Episode 133 - Letter to Pythocles 07 - Conclusion Of The Letter
Date: 08/06/22
Link: https://www.epicureanfriends.com/thread/2614-episode-one-hundred-thirty-three-letter-to-pythocles-07-conclusion-of-the-letter/
Summary
Section titled “Summary”Joshua reads sections 112–116, completing the Letter to Pythocles: comets, fixed stars (with Polaris as a possible referent), wandering stars or planets, falling stars, the weather-signs of animals, and the final exhortation — “give yourself up to the study of the beginnings and of infinity and of things akin to them and also of the criteria of truth and of the feelings.” Cassius flags an important translation discrepancy in section 116 where Bailey inserts “a small thing gives the greatest pleasure” — a reading not found in Hicks or other translators — and the group uses this to reinforce the standing principle that no single translation should be trusted uncritically, especially where the language could be colored by the translator’s theological assumptions. The central epistemological statement of the letter — “to assign a single cause for these occurrences when phenomena demand several explanations is madness, and is quite wrongly practiced by persons who are partisans of the foolish notions of astrology” — receives extended commentary as perhaps the sharpest formulation of the multiple-explanations principle anywhere in the Epicurean corpus. Martin raises the authenticity of the letter itself, noting that his 1980 German translation by Hans Wolfgang Kraut includes a much shorter version of the letter attributed to Epicurus — essentially just two sentences — and raises the possibility that what we have read over the past several weeks is a letter in the style and philosophy of Epicurus but not written by him directly.
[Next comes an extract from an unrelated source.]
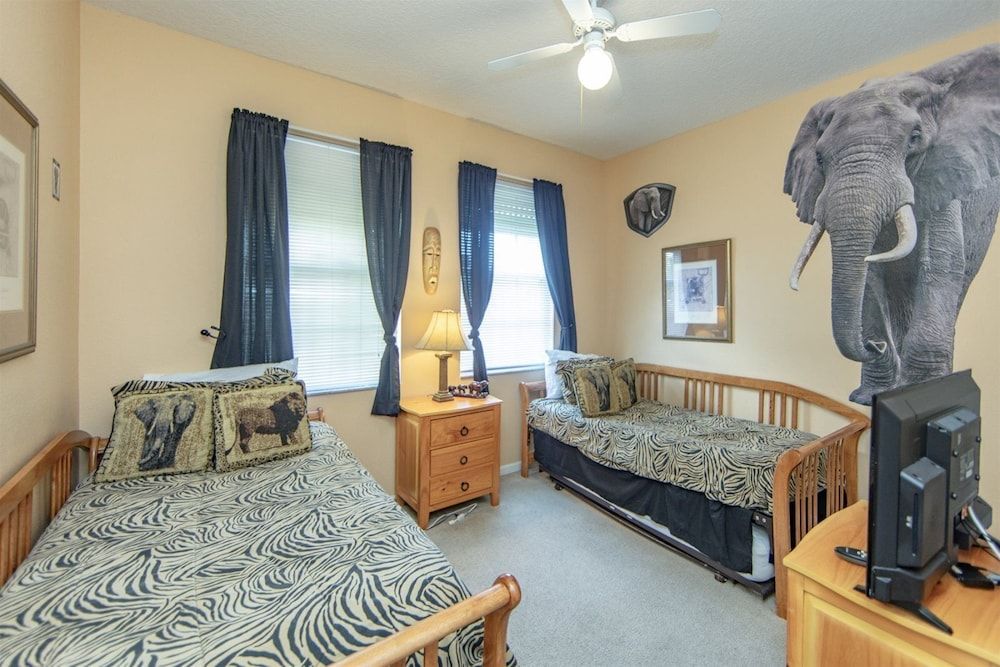 undefined Windsor_palms_8144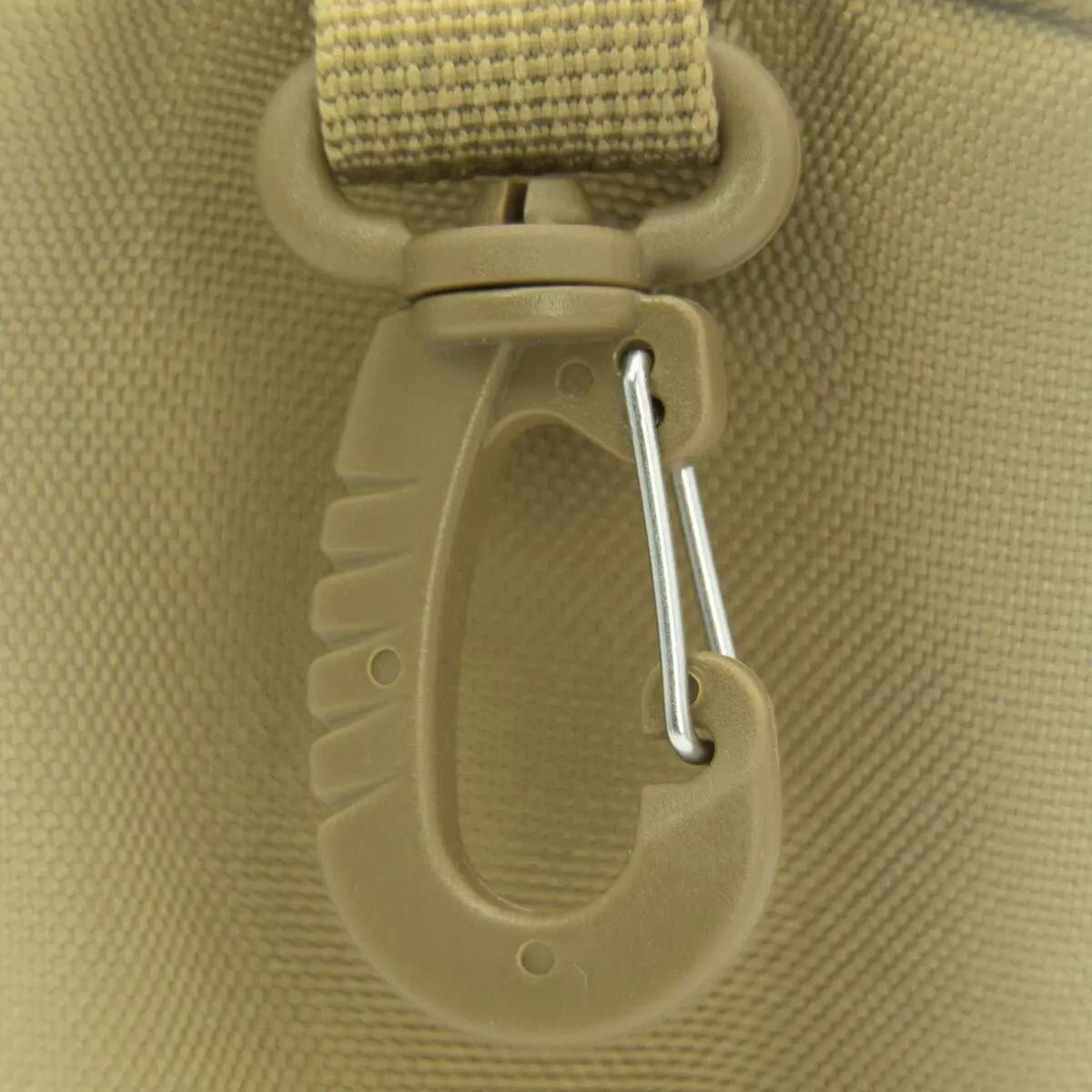 Ein tanfarbener Kunststoffkarabiner mit silbernem Clip hält den WERO MED-X® Mini Notfallrucksack an einem beigen, stabil vernähten Nylonriemen.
The episode closes with a discussion of the final paragraph’s call to study “beginnings and infinity” and “the criteria of truth and the feelings” as the framework that makes all particular explanations possible, and with an announcement that the podcast will next turn to the Letter to Menoikeus.
Transcript
Section titled “Transcript”Cassius: Welcome to Episode 133 of Lucretius Today. I’m your host Cassius, and today we complete our discussion of Epicurus’s Letter to Pythocles. Let’s join Joshua reading today’s text.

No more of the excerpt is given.